La dépigmentation volontaire est un phénomène bien ancré au Mali, portée par des normes esthétiques valorisant la peau claire. Malgré les risques sanitaires avérés, la pratique reste répandue, alimentée par un marché florissant et une forte pression sociale. Entre les témoignages de spécialistes, les réalités du commerce et les perceptions sociologiques, immersion dans un univers où la beauté s’achète à un prix fort.
L’idée selon laquelle une peau claire serait synonyme de beauté et de succès n’est pas nouvelle. Historiquement, elle a souvent été associée à un statut social élevé, notamment sous l’influence des canons de beauté occidentaux. Aujourd’hui, les réseaux sociaux et la publicité amplifient encore cette perception, rendant la dépigmentation toujours plus attrayante pour de nombreuses femmes – et de plus en plus d’hommes s’y adonnent.
David Sanon, sociologue, retrace l’évolution de ce phénomène auquel s’adonne jeunes filles et femmes âgées et qui a tendance à se développer dans notre. «La dépigmentation n’a pas toujours existé en Afrique. Elle s’est installée après les années 1975 avec l’arrivée massive de produits cosmétiques dépigmentant sur les marchés. Au fil du temps, le complexe face à la peau claire s’est accentué, notamment quand les femmes ont perçu que leurs époux semblaient préférer un teint plus clair». Fais remarque M. Sanon.
Dans les marchés de Bamako, les étals de cosmétiques débordent de crèmes, savons et sérums promettant un teint plus clair en quelques jours. Certains produits, comme «White Express» ou «Caro White», contiennent des substances interdites en Europe, telles que l’hydroquinone et les corticoïdes.
Awa Sylla, vendeuse de cosmétiques, témoigne de la demande croissante de ces produits aux conséquences multiples. «Mes clientes veulent une peau claire à tout prix. Certaines viennent en cachette, d’autres s’assument complètement. Je vends des produits venant du Sénégal, de la Côte d’Ivoire, du Nigeria et même du Ghana … Il y a de cela quelques, jours circulait sur les réseaux sociaux une méthode avec l’eau de javel pour savoir si les produits sont dangereux ou pas. Mais il y a eu des témoignages de spécialistes pour démentir cela. Parfois, je me demande si je fais bien de vendre ces produits. J’ai moi-même hésité à les utiliser. Même si je sais que ces crèmes peuvent être dangereuses, pourtant, si je ne les vends pas, quelqu’un d’autre le fera. Et puis, c’est mon gagne-pain. Ce commerce nourrit bien ma famille », indique-t-elle.
Face à cette dure réalité, les risques sont sans limite Certains produits détruisent la structure de la peau, provoquant un vieillissement ou même des maladies cancérigènes.
Dr. Madou Sissoko, dermatologue au Centre de dermatologie de Bamako à Djicoroni Para, décrit les conséquences visibles et invisibles de ces produits :
«La dépigmentation entraîne des vergetures profondes, des brûlures, et des complications comme l’ochronose (noircissement irréversible de la peau). Certains produits injectables peuvent même provoquer du diabète. Malheureusement, beaucoup commencent sans même s’en rendre compte, pensant simplement utiliser une crème pour embellir leur peau», déclare le toubib.

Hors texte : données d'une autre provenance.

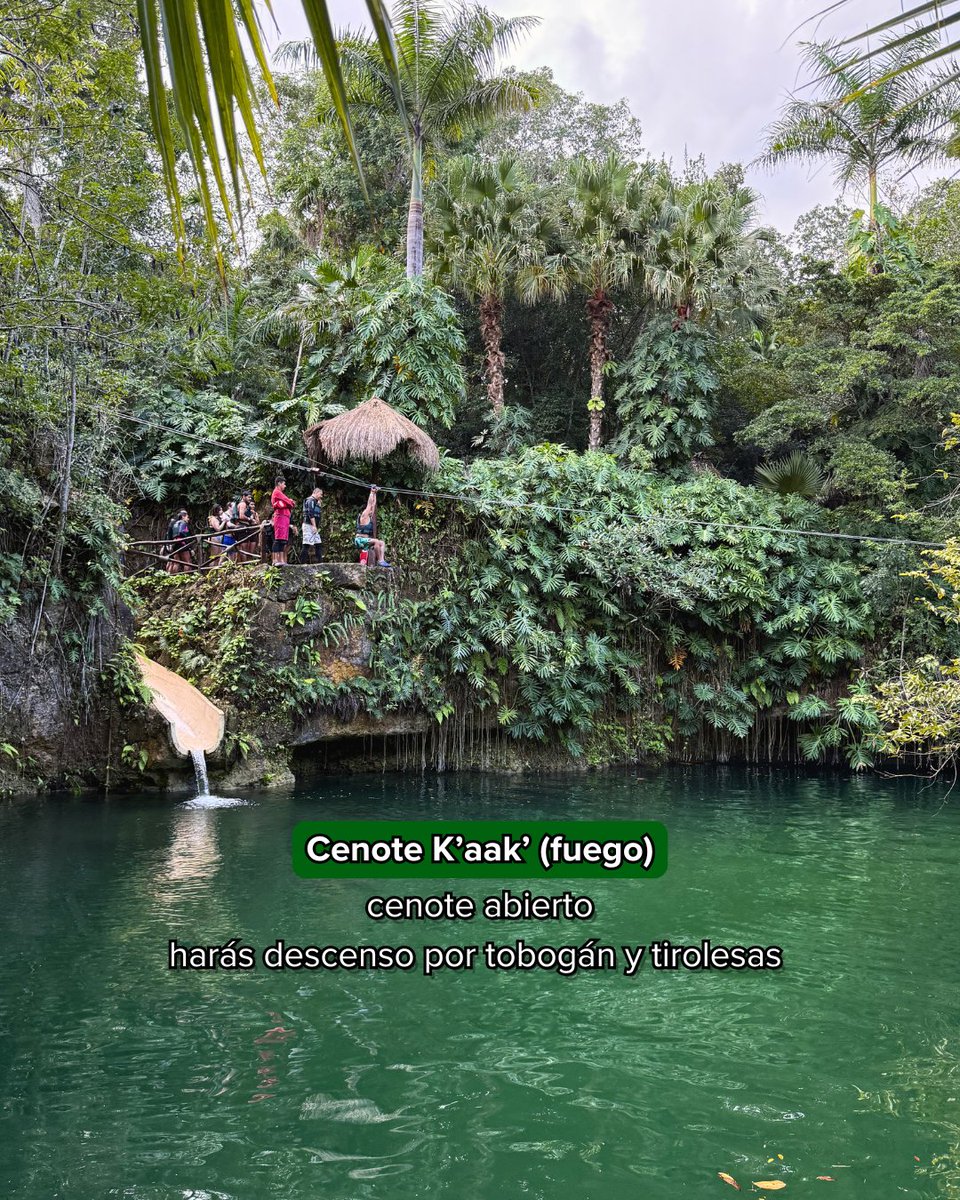 Xenotes's tweet photo. 🌿 Es momento de sumergirte en la energía de cuatro cenotes, nadar en su misticismo y disfrutar de cada actividad en compañía de la naturaleza. 🙌🏻💦 ¿Listo para vivir #TourXenotes? ✨ https://t.co/ybkyHUDasy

Malgré la persistance du phénomène, une prise de conscience commence à émerger. Des campagnes de sensibilisation mettent en avant les dangers de la dépigmentation et valorisent la beauté naturelle.
A en croire Dr. Sissoko, il faut aller dans la voie de la sensibilisation à travers l’éducation qui, selon lui, joue un rôle clé. «Il faudrait introduire un chapitre sur la dépigmentation dans les écoles afin que les jeunes comprennent les dangers avant de tomber dans ce piège», suggère-t-il.
Mais tant que les standards de beauté valoriseront la peau claire, et que les produits resteront facilement accessibles, la lutte contre la dépigmentation sera difficile et aura de beaux jours devant elle. Entre commerce, normes sociales et enjeux sanitaires, le Mali doit encore relever un défi de taille : convaincre que la beauté réside avant tout dans l’acceptation de soi.